One may assess the vulnerability of the population to risk by considering the percentage of private health expenditure which is not covered by the government or pre-paid health insurance. In South Africa, this was 6.5% in 2014. [4] Only ten countries, out of 178, had lower percentages. [5] Of course, averages hide distributions and there may have been catastrophic payments by individuals. But the catastrophic risk can be insured against at low cost, and catastrophic costs can be simply written off if incurred in public facilities.
It is the mark of a civilised society that the minimum platform of health care available to all its members be set as high as possible. Government expenditure assigned to this task has to be weighed against competing claims year by year. Measures amounting to an earmarked tax for health expenditure have been proposed in the NHI White Paper. But experience with earmarked taxes in South Africa have not been happy, [6] and in any case, they are hard to justify as constraints on the composition of government spending.

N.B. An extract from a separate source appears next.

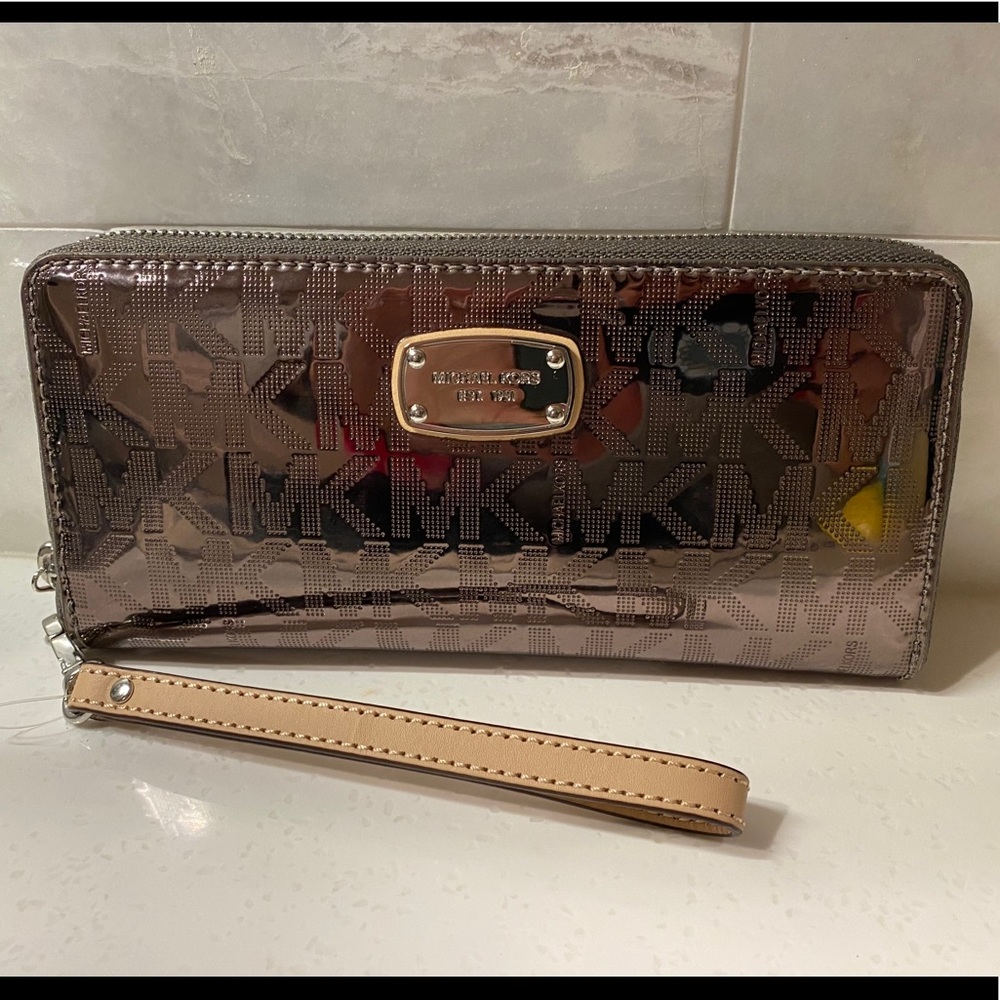 Michael Kors Wristlet *NWT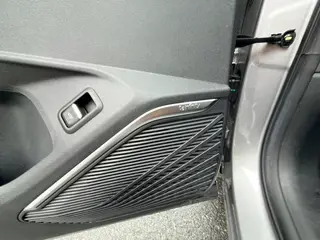 Geely Monjaro 2023 2.0TD Modelo insignia de tracción automática en dos ruedas de alta potencia interior foto 15 Geely Monjaro 2023 2.0TD Modelo insignia de tracción automática en dos ruedas de alta potencia interior foto 15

But improvement of value for money deserves support, as does careful consideration of which interventions yield the greatest gains in health. Many of the supply side interventions outlined in the NHI White Paper are appropriate and should be implemented in priority order as funds become available. But the system is going to struggle in the next few years. The implication of the medium term projections in the 2016 Budget indicate that government expenditure per capita on primary health care will remain static in the next three years, and the government expenditure per capita on hospitals will decline slightly. A resumption of growth is needed to move forward in a substantial way.